Similarly, those early five episodes of Crazy Ex-Girlfriend are pretty much based in the single worst romance trope in existence… the love triangle (although, given the number of videos I’ve watched about stuff like this one’s I should clarify I mean “worse” as in “most annoying” as opposed to “horrific”). So… that’s not great, either.

Crazy Ex-Girlfriend may be about all that interesting deconstructionism and nuance that its fans remember but if you ask me… it has pretty much none of that until Doctor Phil shows up. Which would be one thing if this programme was 20-ish minutes long. But it’s not. You’ve got to watch six forty odd minute episodes of frequently cringey (becauses of Rebecca’s shenanigans) content with the tiniest hints of that interesting stuff (and, in that context, mocking theme song). That’s a big ask. Especially if you’re not watching on Netflix so have to wait a week to get the next episode.

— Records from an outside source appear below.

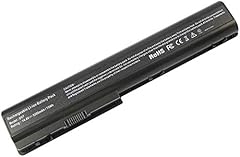 Wyguo 14.4v 5200mah for sale  Delivered anywhere in UK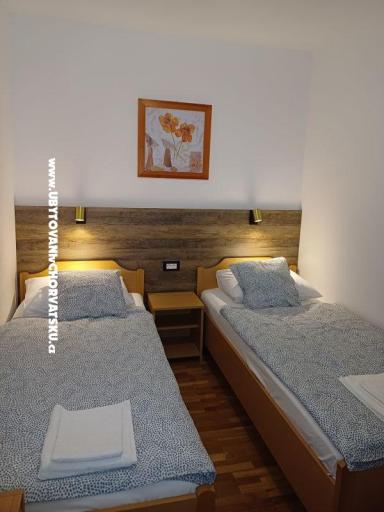 Apartament Boškica  – foto 4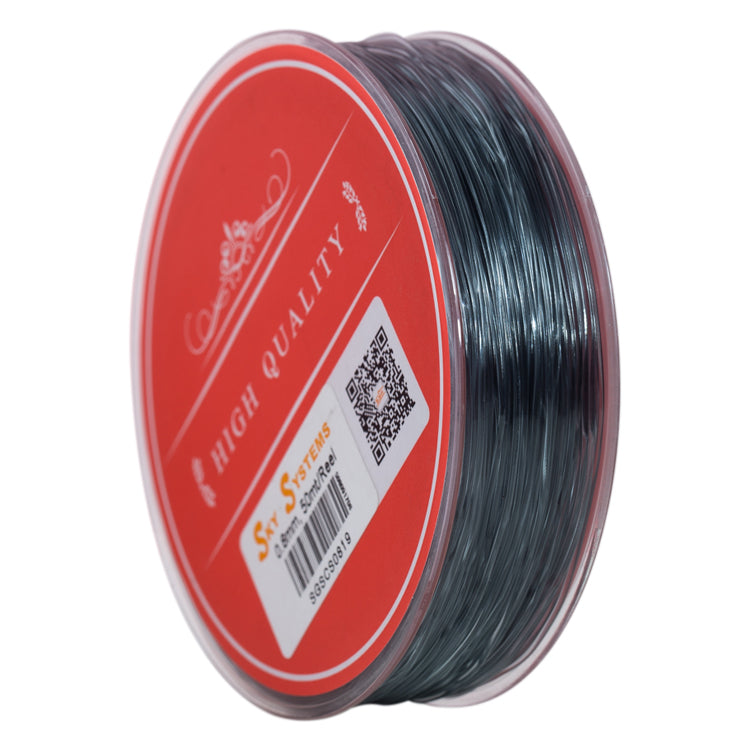 GSCS - Elastic Cord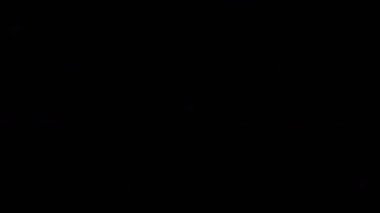 Kusursuz VJ Model Arkaplanı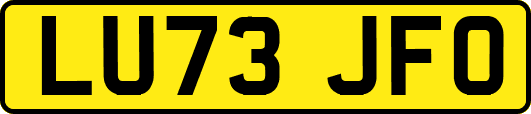 LU73JFO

Let me be clear… if you follow those comments into those first six episodes, I think you’re getting a fundamentally misleading impression of what the show is. This is not a contemporary an Agents of SHIELD situation. When people say AoS doesn’t become a fully realised concept until towards the end of S1, what they mean is more, “I don’t want to watch A Plots about SHIELD agents and B Plots about Coulson”. But even if they did mean that, no-one, literally no-one, tells you to watch AoS without acknowledging that the show evolves. In terms of AoS, this is millions of people thinking it was a superhero show because of misleading marketing.

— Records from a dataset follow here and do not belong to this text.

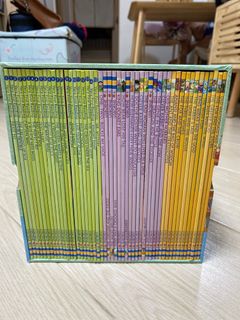 （分類：）位於 。 由 slmtsui6731056 提交（商品編號 1218323861，圖片 1）。簡介： 。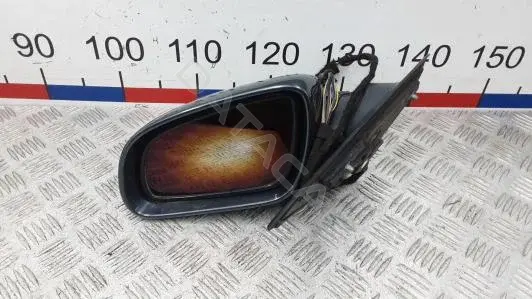 Наружное зеркало 4BL19JL01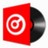 virtualdjapp版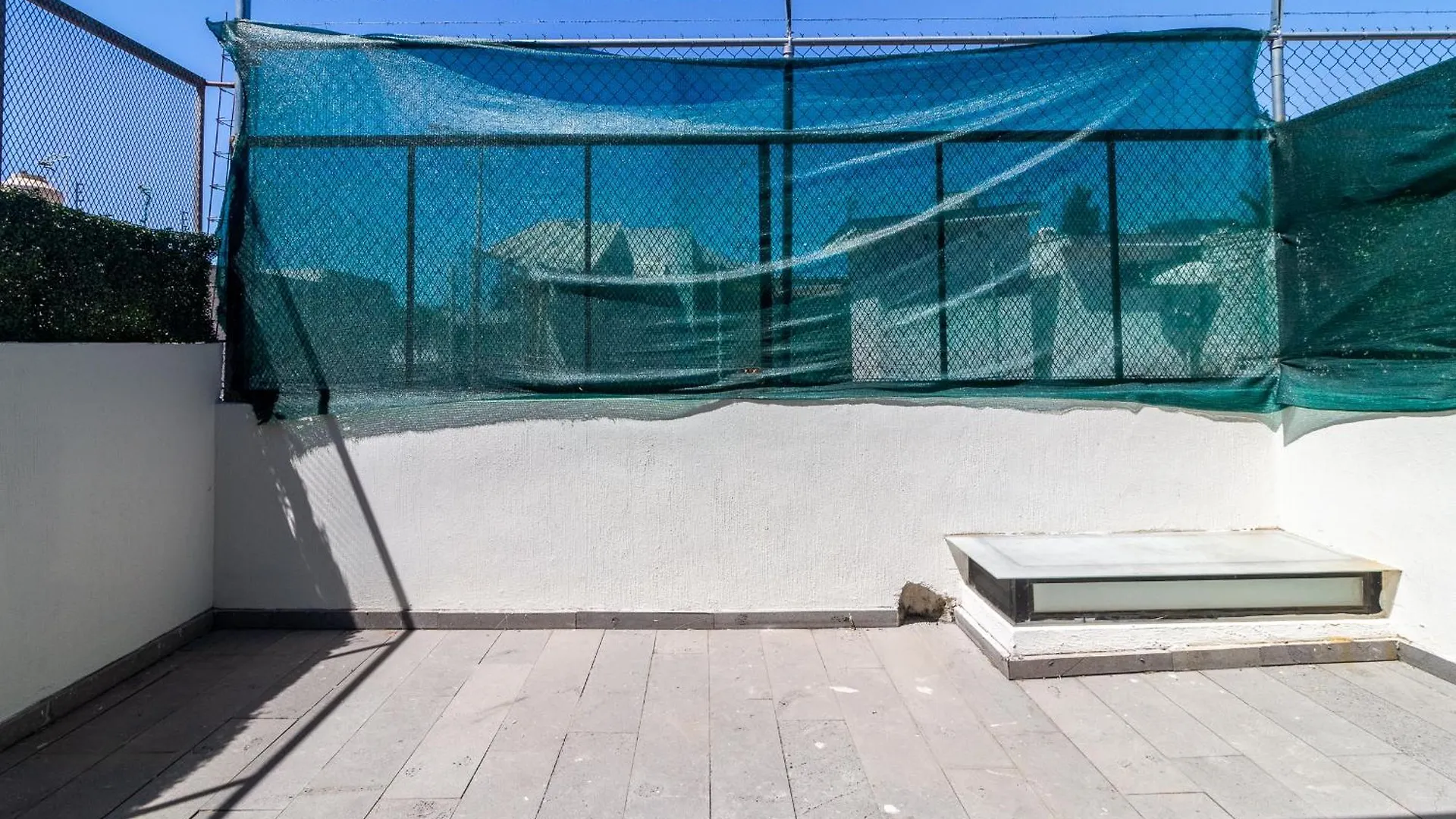 Once15 Ξενοδοχείο Γκουανταλαχάρα 0*,  Μεξικό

What’s worse is that one of those six episodes is a God damned Thanksgiving episode. yuck

But then you get to episode seven and suddenly it’s all “now this is what they told me about”. Hell, I was even comparing Episode Nine to The Beach, my all time favourite episode of Avatar.

So… what to do?

Honestly? I’ve only seen the nine episodes so far, but it’s now a “so far”. I was on the verge of giving up on the show… even as a “something I’ll watch while I eat” option. Er, the point is… I’m not sure. I think (hope?) the Greg stuff in there is going to be important later on (and E9 definitely requires knowing about it) so it might just be a case of “you have to slog through it”. But in my personal experience… knowing what seems like a big future spoiler might help. That is… this song is about Josh.

I told you reading Youtube comments was important.

But, er, I don’t want to find the quote again because I think I just saw a spoiler now that I care about spoilers again. But I’m sure I read it!

(Also, that is definitely way more Fame or I’m So Excited than it is It’s Raining Men… the only real similarity is the last of those says “men” just as often.)